— Task to carry out —
The material beneath this line should be printed exactly, with its pictures omitted.

— Information supplied —

- Opening Delimiter -

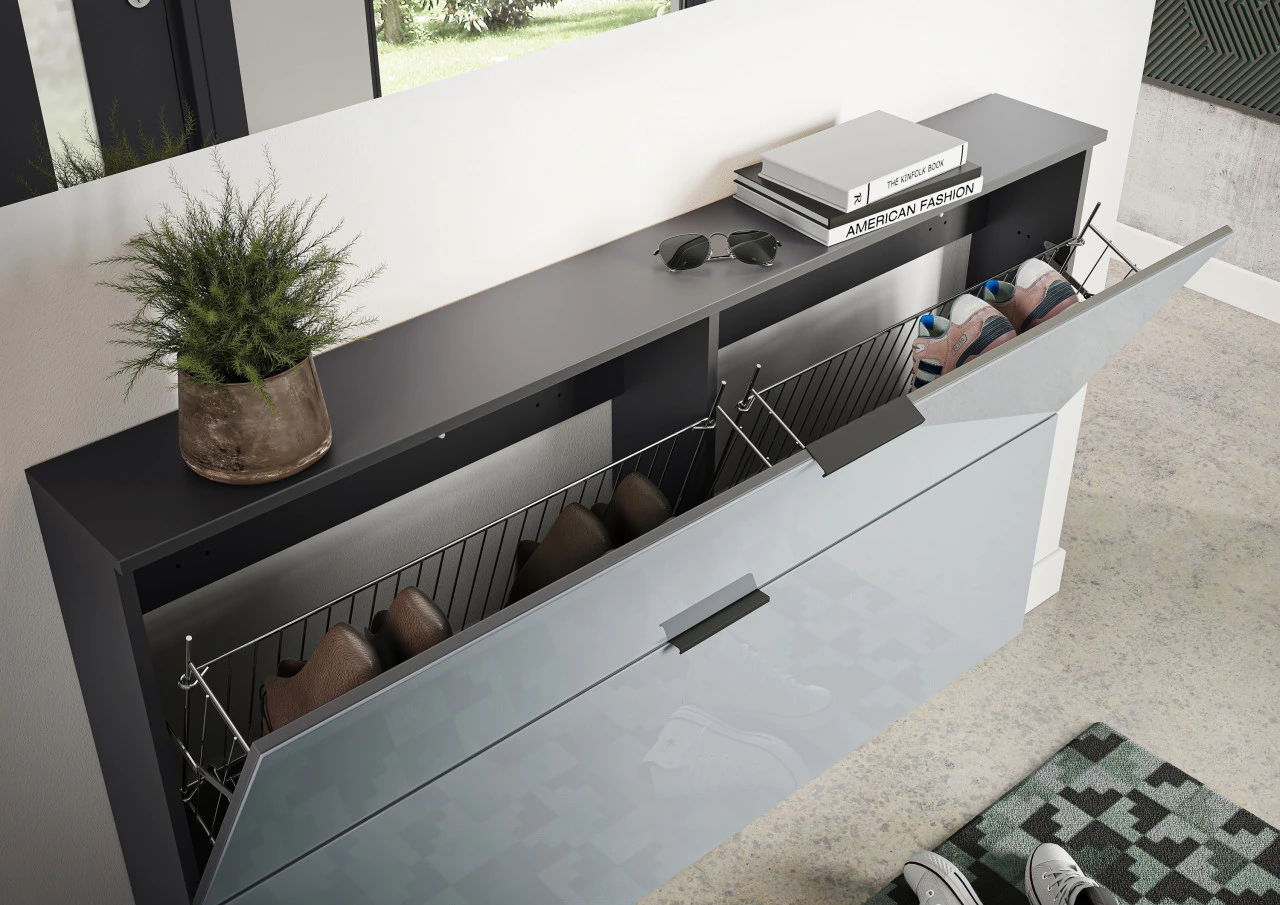 Schuhschrank VALEGA 4 Schuhschrank VALEGA – Bild 4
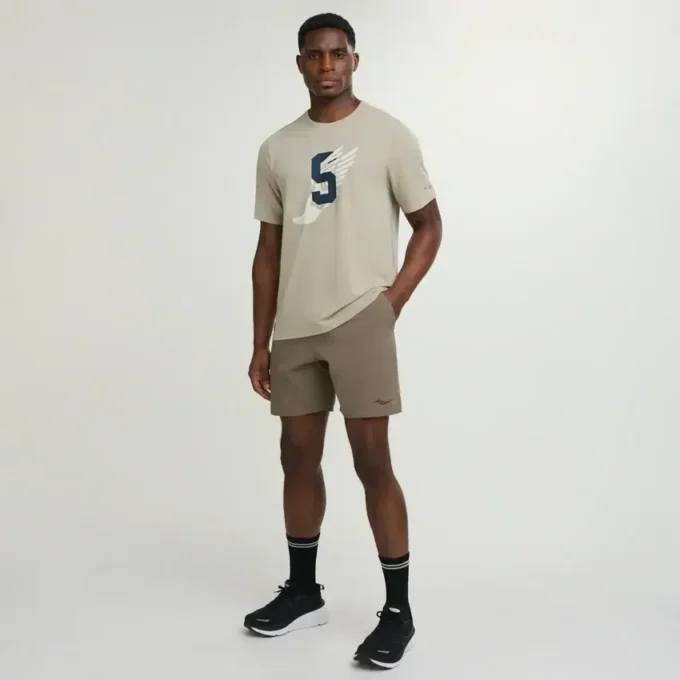 Shorts Outpace 7&Prime; pour homme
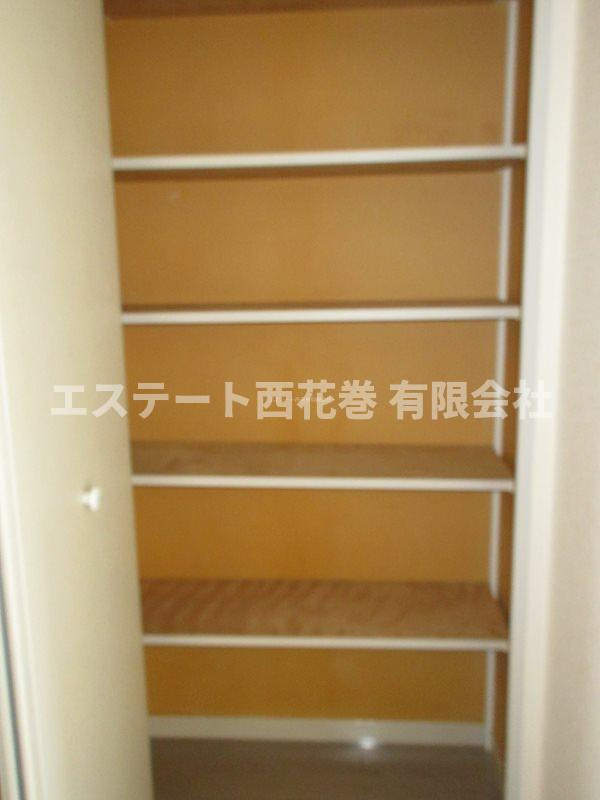 シャインスターT　A|キッチン収納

- Closing Delimiter -

— Response to this task —
 Schuhschrank VALEGA 4 Schuhschrank VALEGA – Bild 4
 Shorts Outpace 7&Prime; pour homme
 シャインスターT　A|キッチン収納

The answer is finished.